**What needs to be done**
Everything from the line with "Банановые роллы в темном шоколаде" to the line with "1413 Erin Drive, Burleson, TX 76028" in the listing below, both lines included, needs to be copied exactly, apart from the pictures.

══ Dataset records

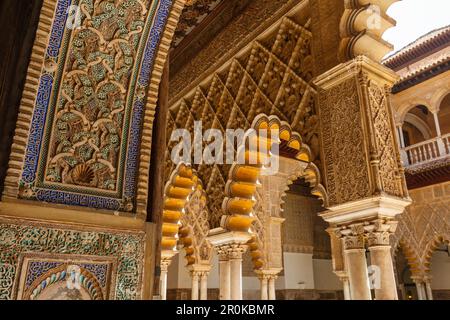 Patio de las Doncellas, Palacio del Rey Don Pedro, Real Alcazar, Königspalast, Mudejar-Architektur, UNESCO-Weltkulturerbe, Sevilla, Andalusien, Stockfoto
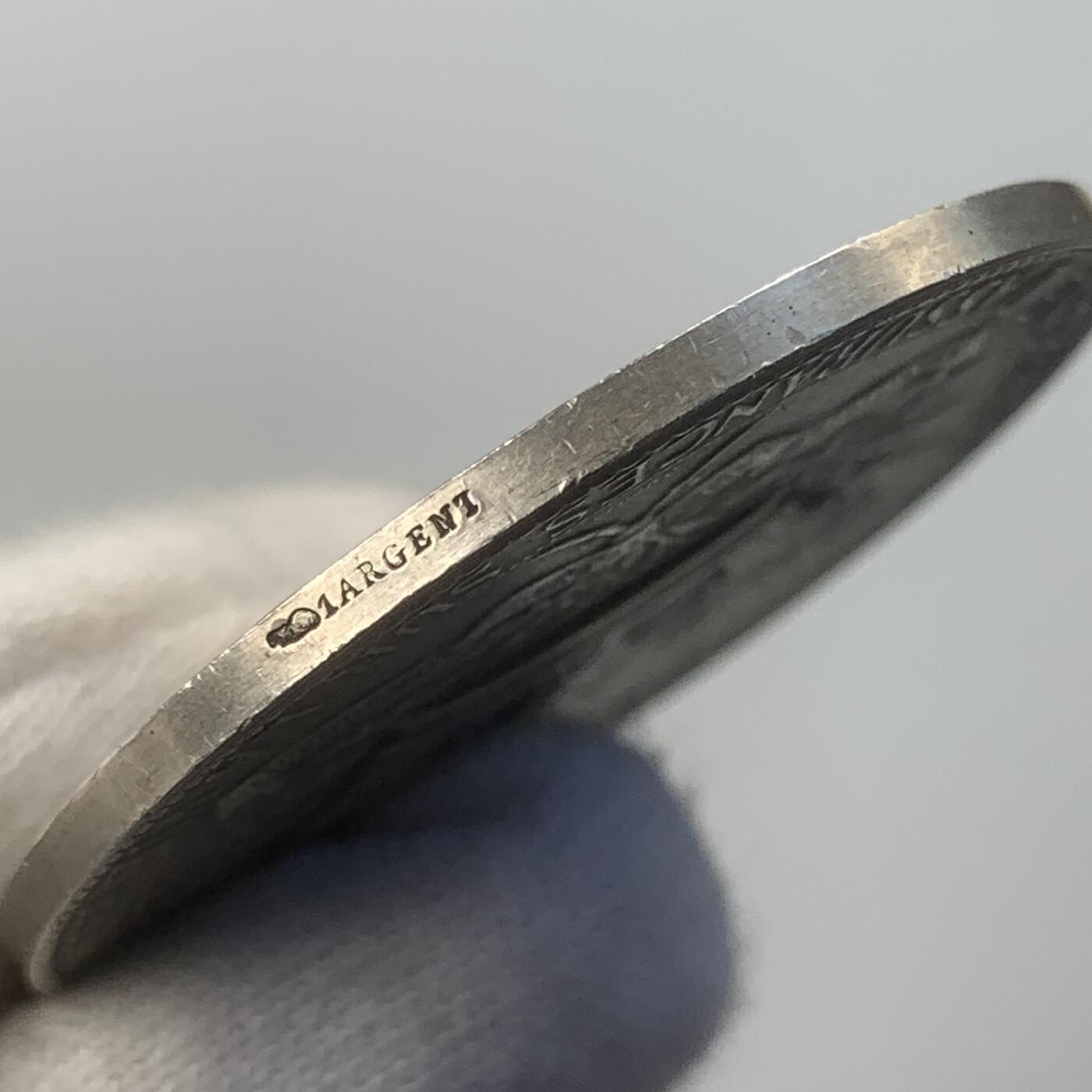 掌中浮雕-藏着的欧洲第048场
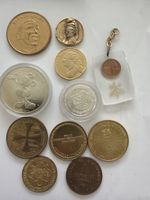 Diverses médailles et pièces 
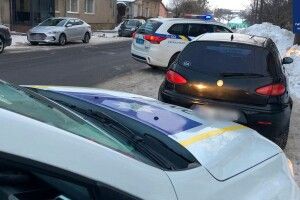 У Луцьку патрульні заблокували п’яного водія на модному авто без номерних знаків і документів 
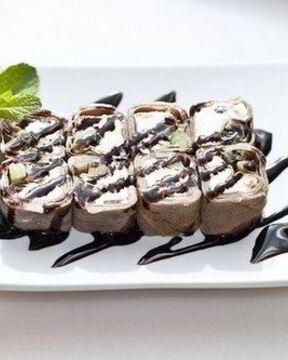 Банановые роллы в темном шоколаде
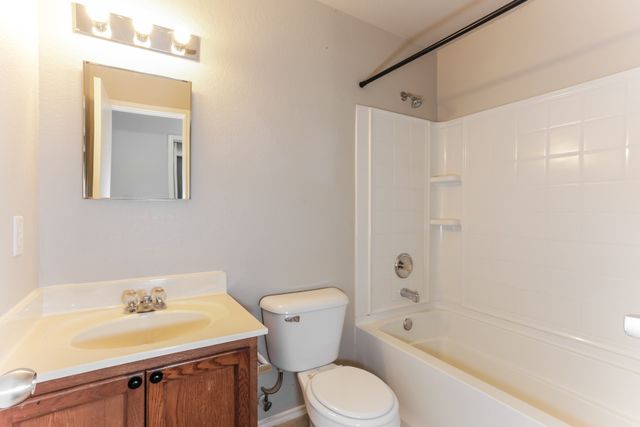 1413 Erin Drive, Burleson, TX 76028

════
══ Dataset records

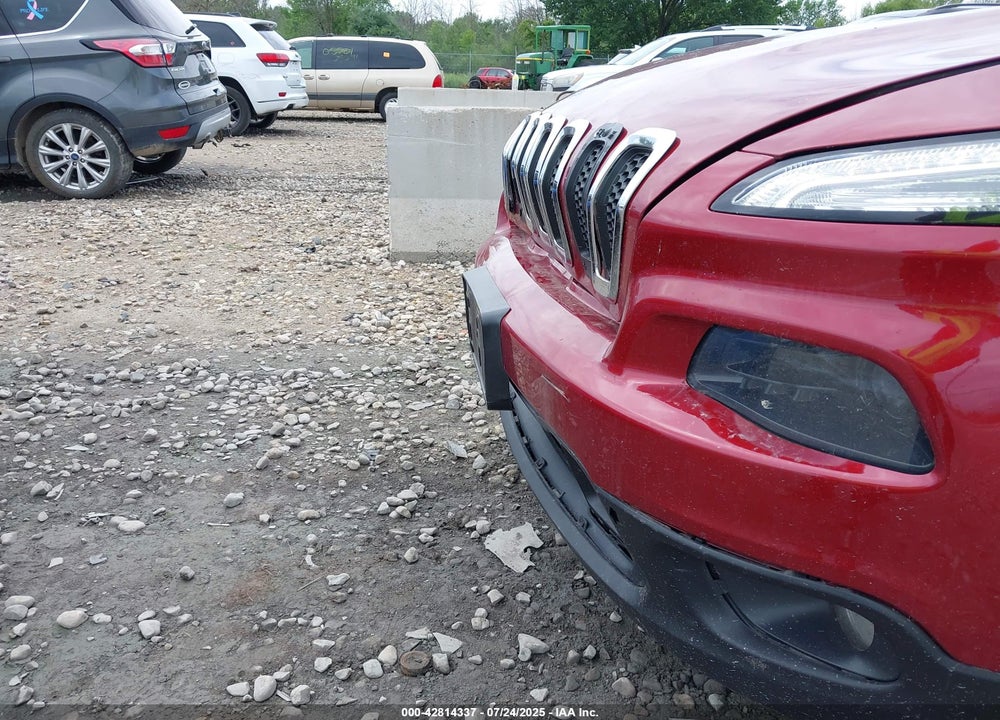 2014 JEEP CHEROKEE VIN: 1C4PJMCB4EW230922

════

**Written response**
 Банановые роллы в темном шоколаде
 1413 Erin Drive, Burleson, TX 76028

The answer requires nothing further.